Ce qui s’est passé dans le printemps arabe illustre la formule de Brzezinski selon lequel « À l’âge de la globalisation, l’ensemble de l’humanité est politiquement active ». Les régimes répressifs des pays arabes ont longtemps compté sur le monopole de l’information et le soutien occidental, en se présentant comme des remparts contre l’islamisme. Leur monopole de l’information est tombé, concurrencé par le haut avec les chaînes satellitaires dont Al-Jazeera et par le bas avec Internet et les réseaux sociaux. Médusés au départ, les pays occidentaux ont compris qu’ils ne pouvaient pas s’opposer à la vague de changements et que la contradiction entre leurs proclamations de principes démocratiques et le soutien à des régimes répressifs devenait de plus en plus gênante.

J’ai dit et écrit qu’il n’y aurait pas d’effet domino dans le monde arabe. Tous les régimes n’allaient pas tomber, mais qu’il allait y avoir une onde de choc mondiale.
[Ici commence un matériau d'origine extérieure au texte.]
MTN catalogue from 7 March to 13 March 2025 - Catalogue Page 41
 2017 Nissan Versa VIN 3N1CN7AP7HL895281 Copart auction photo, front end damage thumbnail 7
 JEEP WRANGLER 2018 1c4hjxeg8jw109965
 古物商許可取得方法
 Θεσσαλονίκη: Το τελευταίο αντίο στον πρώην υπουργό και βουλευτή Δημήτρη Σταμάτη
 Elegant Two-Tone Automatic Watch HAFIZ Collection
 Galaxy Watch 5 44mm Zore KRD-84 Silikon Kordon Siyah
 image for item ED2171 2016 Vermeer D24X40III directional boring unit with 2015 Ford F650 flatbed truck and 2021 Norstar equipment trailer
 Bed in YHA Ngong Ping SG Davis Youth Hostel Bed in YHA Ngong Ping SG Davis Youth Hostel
Il n’y a plus aujourd’hui qu’un seul pays totalitaire, la Corée du Nord. Partout ailleurs, les populations font de plus en plus entendre leurs voix, même en Birmanie. Il y a 500 millions d’internautes en Chine et les autorités chinoises ne peuvent pas ne pas tenir compte de ce facteur, l’opinion publique chinoise ne s’exprime pas dans les mêmes formes que les Occidentaux mais elle existe. On a vu en Russie que la restauration de l’autorité de l’État par Poutine, longtemps très populaire, ne suffisait pas à faire taire la contestation. L’Afrique choisit de plus en plus ses dirigeants par le vote. Il y a encore des dictatures. Elles sont globalement en recul. Et même dans les pays autoritaires, les opinions se font plus entendre qu’avant.

La puissance de l’expression politique des populations, les aspirations à la démocratie dépendent de trois facteurs. Le premier est l’histoire particulière de chaque pays. C’est ce qui explique les parcours différents sur fond de printemps arabe de la Tunise, de l’Algérie et du Maroc. Le second facteur est le degré de développement économique. Lorsque l’on a moins de un dollar par jour et par personne, les revendications politiques sont faibles. Le troisième est le taux d’alphabétisation. Lorsque l’on ne sait ni lire ni écrire on a du mal à s’informer et donc à revendiquer. On constate qu’à partir d’un certain stade économique, les consommateurs veulent devenir des citoyens. Selon la conjugaison de ces trois facteurs, les peuples du monde entier se feront entendre de plus en plus.

(*) Exercice qui n’est plus prêt de se reproduire depuis la publication de mon livre Les intellectuels faussaires.